The prospects for studies of both -1 PRF and coronaviruses are encouraging. A number of synergistic advances are being made in both areas. The constantly expanding number of coronavirus sequences is enhancing the ability of researchers to identify conserved RNA sequence and structural motifs with a greater degree of confidence. As critical elements are identified experiments can be thoughtfully designed to generate mutant viruses and replicons from which useful information can be acquired. The size of the coronavirus genome and the lack of unique restriction sites for cloning pose some difficulties in manipulation of the virus. However recent advances in the stability of plasmid vectors and the availability of class II restriction endonucleases or restriction enzymes that cleave adjacent to the recognition sequence have circumvented some of these difficulties (43). The available clones and replicons (44–45) have allowed many groups to readily investigate different aspects of the coronavirus lifecycle. Developments in the NMR field are also enabling the solution of larger RNA structures such as those that direct -1 PRF. In addition, advances are being made in the design of algorithms able to predict tertiary RNA structures such as frameshift-promoting mRNA pseudoknots (46–48). As more structural data are generated the computational algorithms will be refined which in turn will provide enhanced tools for experimental design by bench-based researchers.

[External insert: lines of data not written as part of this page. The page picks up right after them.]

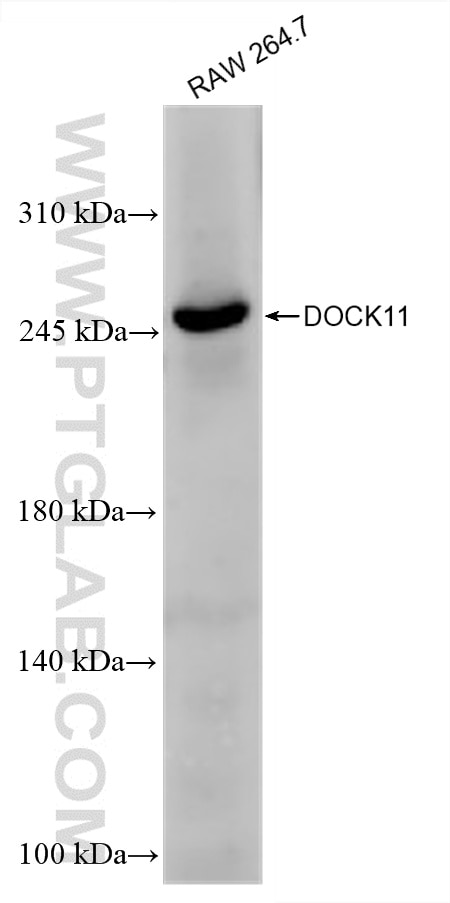 Western Blot (WB) analysis of various lysates using DOCK11 Recombinant antibody (85022-3-RR)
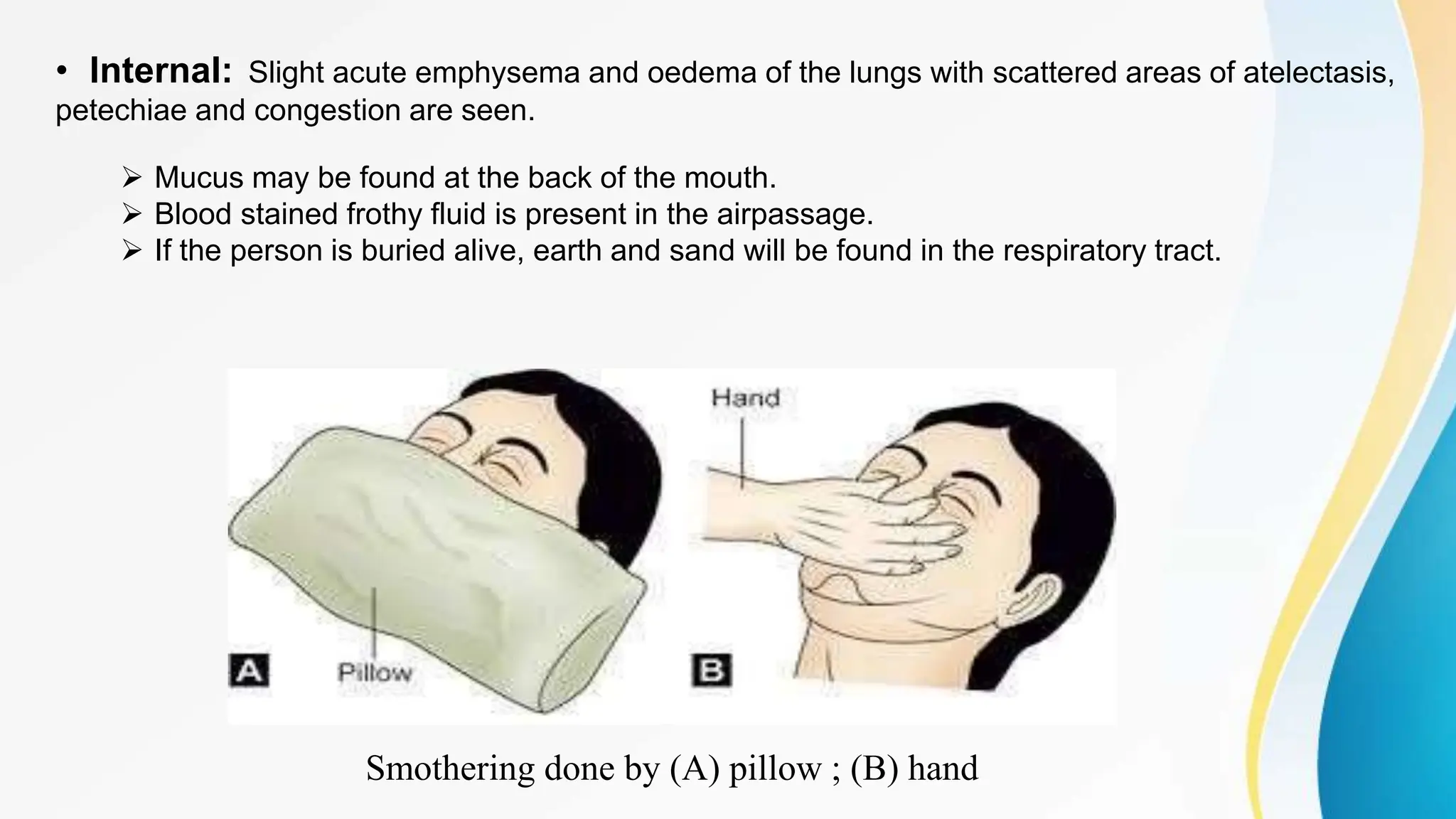 • Internal: Slight acute emphysema and oedema of the lungs with scattered areas of atelectasis,
petechiae and congestion are seen.
 Mucus may be found at the back of the mouth.
 Blood stained frothy fluid is present in the airpassage.
 If the person is buried alive, earth and sand will be found in the respiratory tract.
Smothering done by (A) pillow ; (B) hand
 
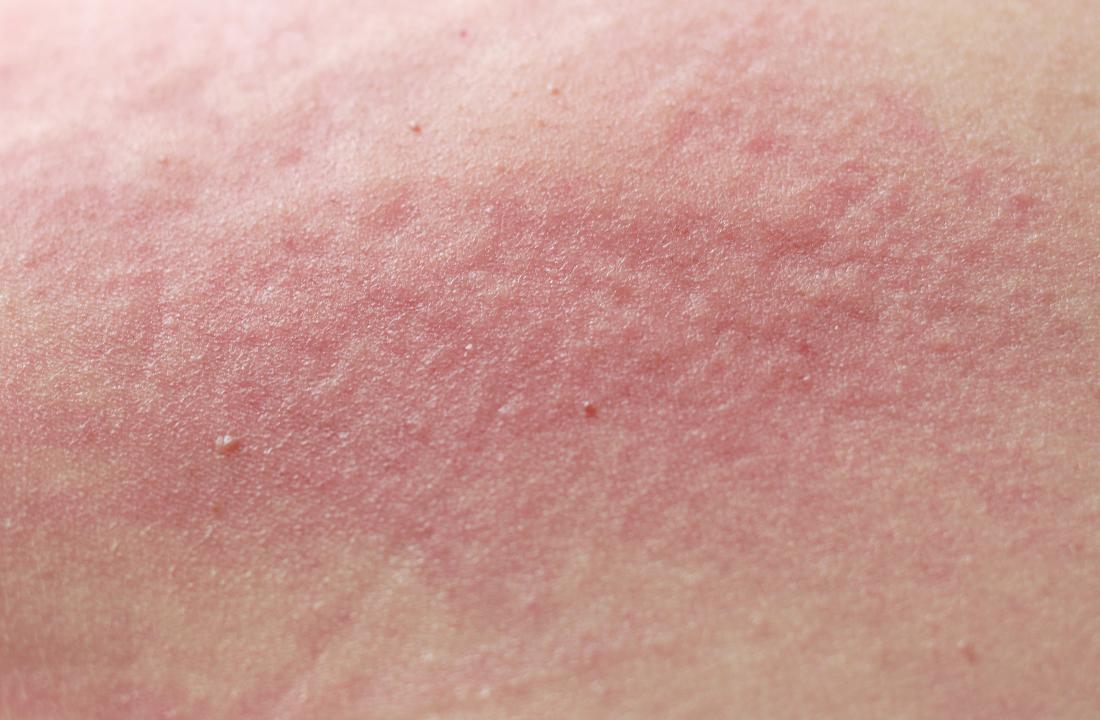 Redness rash on skin
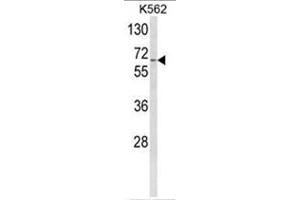 Image no. 1 for anti-Cytochrome P450, Family 4, Subfamily F, Polypeptide 3 (CYP4F3) (N-Term) antibody (ABIN453609)
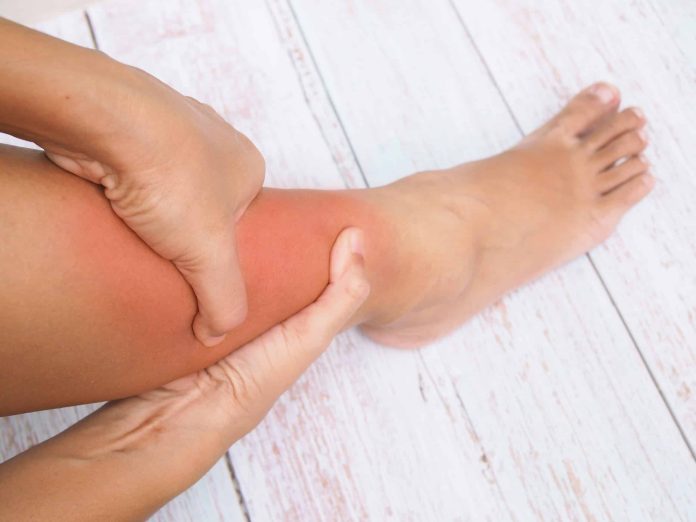 Descubre la solución: 11 remedios caseros infalibles para aliviar las piernas hinchadas. ¡Recupera tu bienestar hoy mismo!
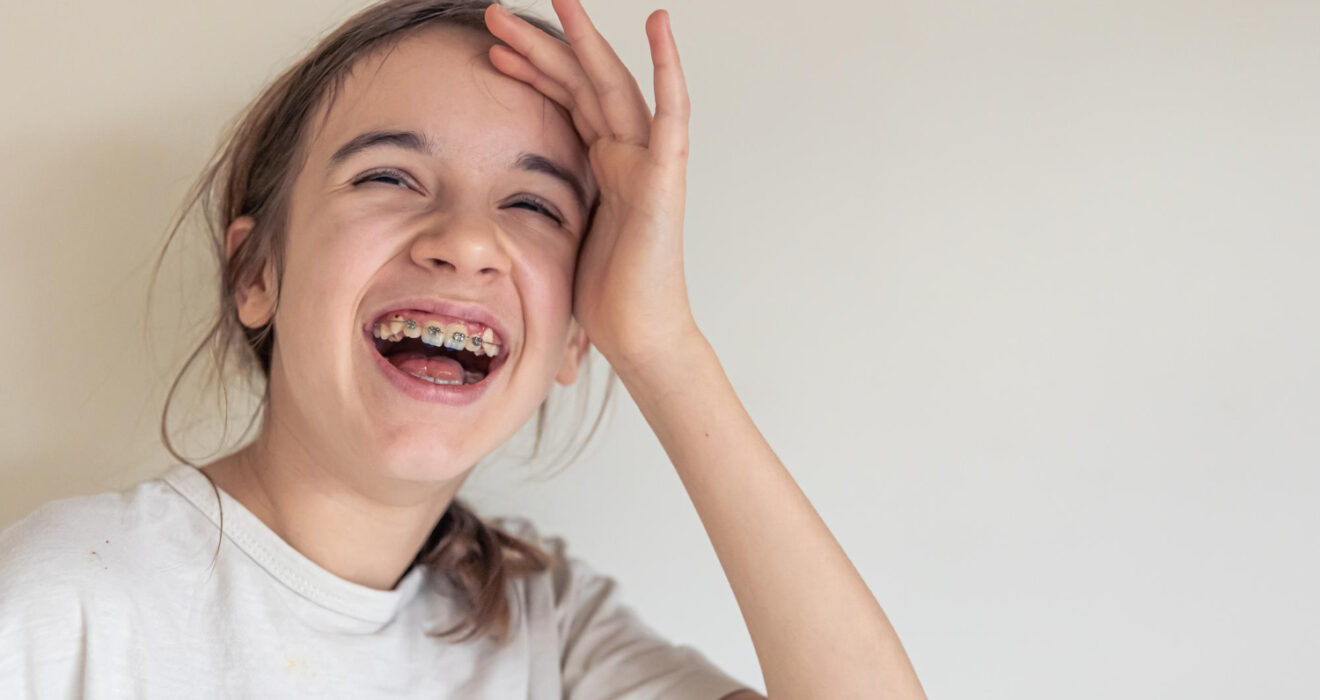 Διατροφή για εφήβους με σιδεράκια: πρακτικές συμβουλές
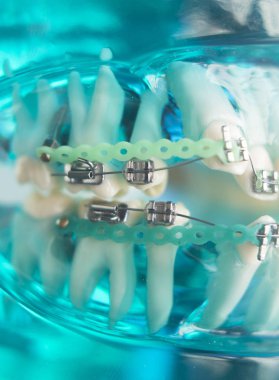 Diş diş köşeli metal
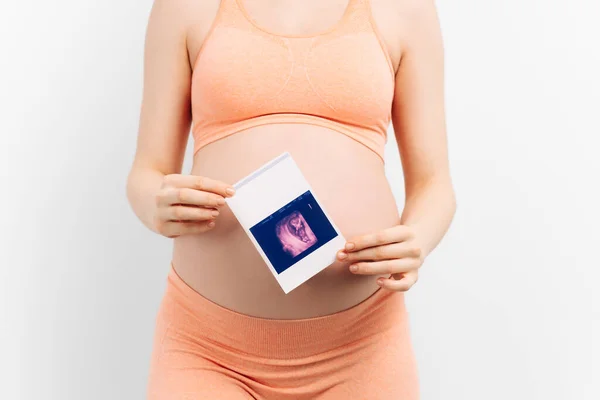 出生前超音波検査 お腹の中に生まれたばかりの赤ちゃんのソノグラムを抱えている若い妊婦のクローズアップ 胎児超音波画像を示す幸せな期待の母親 — ストック写真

The coronavirus frameshift signals are complex and diverse and, as described above, have yielded a wealth of molecular biological data describing features important for -1 PRF. As noted previously, there are several limitations to -1 PRF studies, the most pertinent being that there are two overlapping open reading frames to maintain. Obviously silent protein coding mutations are preferable so that only recoding events are analyzed rather than protein function. The termination codon for the first ORF is very early in the SARS -1 PRF signal compared to the position of stop codons in other frameshift signals and this has increased the variety of mutations that can be sustained. A further limitation is that a frameshifting event must occur for production of the RNA dependent RNA polymerase which is essential for virus production. Thus mutations which abolish frameshifting completely will not produce replicative or infectious virus. It has been shown for some other viruses that there is an apparent threshold level of frameshifting required for competent virus production (36–38). Mutations that subtly alter the frequency of -1PRF in the coronavirus context are being discovered and these will lead to a greater understanding of the role of -1PRF in coronavirus replication.
Many of the published research articles would not have been possible without the free exchange of reagents and collaborations set up between groups with different expertise. The rapid emergence and severity of the SARS associated coronavirus lead to the sharing of unpublished information at conferences and meetings which in turn added vigor to the field. Because of the competitive nature of research, this sharing of resources is dependent on the ethical behavior of the researchers. We thank all those who are part of the community and have contributed important information that has the potential to prevent or control virus spread should a similar outbreak occur in the future. This work was supported by NIH grant RO1 AI064307.
The findings and conclusions in this article have not been formally disseminated by the Food and Drug Administration and should not be construed to represent any Agency determination or policy.